Records drawn from a dataset —
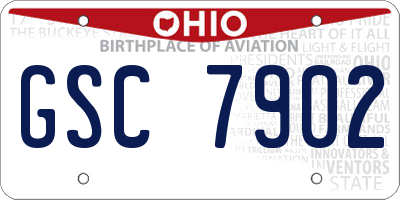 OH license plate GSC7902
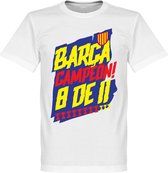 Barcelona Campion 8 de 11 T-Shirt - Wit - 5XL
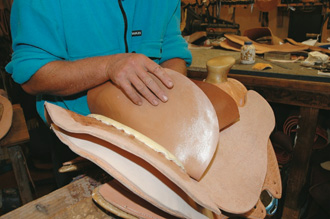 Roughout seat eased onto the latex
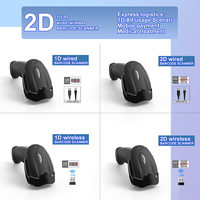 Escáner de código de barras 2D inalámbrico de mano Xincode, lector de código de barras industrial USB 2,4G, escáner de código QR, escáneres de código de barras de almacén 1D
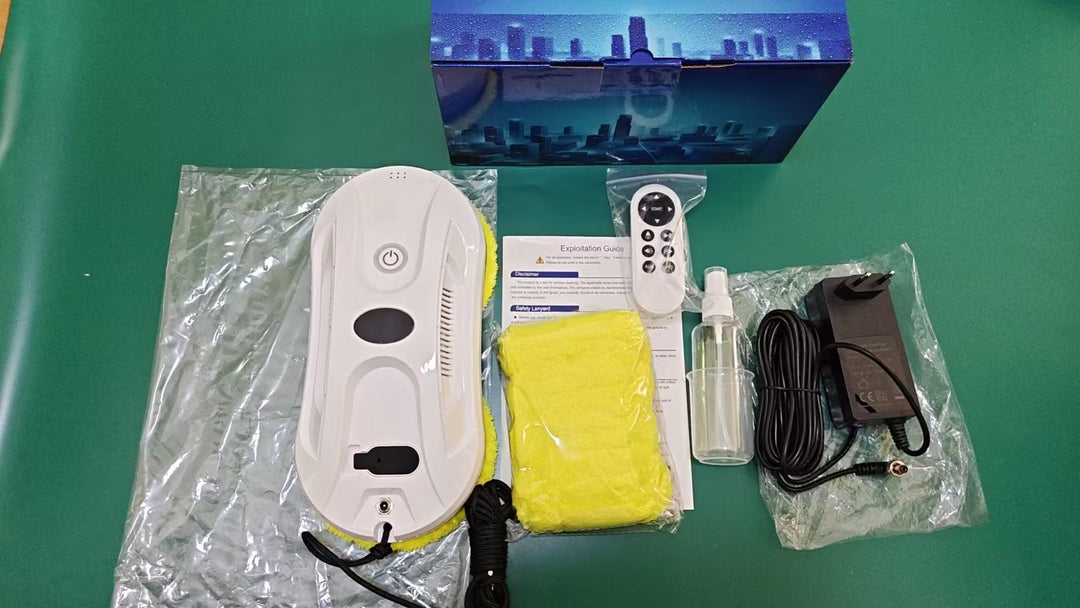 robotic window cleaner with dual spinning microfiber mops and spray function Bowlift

==

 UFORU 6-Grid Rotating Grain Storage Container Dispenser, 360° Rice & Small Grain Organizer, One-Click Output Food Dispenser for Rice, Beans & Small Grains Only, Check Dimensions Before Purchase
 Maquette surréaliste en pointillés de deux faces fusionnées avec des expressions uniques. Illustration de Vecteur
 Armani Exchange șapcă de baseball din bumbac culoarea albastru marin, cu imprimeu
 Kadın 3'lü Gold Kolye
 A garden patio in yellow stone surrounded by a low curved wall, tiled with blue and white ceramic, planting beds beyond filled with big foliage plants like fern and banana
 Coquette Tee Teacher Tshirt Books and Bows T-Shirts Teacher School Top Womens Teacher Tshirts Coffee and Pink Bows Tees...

Action item — Above are some records. Reproduce the lines from the one with "Roughout seat eased onto the latex" down to the one with "robotic window cleaner", keeping both, and leave every picture out.

Answer to the problem —
 Roughout seat eased onto the latex
 Escáner de código de barras 2D inalámbrico de mano Xincode, lector de código de barras industrial USB 2,4G, escáner de código QR, escáneres de código de barras de almacén 1D
 robotic window cleaner with dual spinning microfiber mops and spray function Bowlift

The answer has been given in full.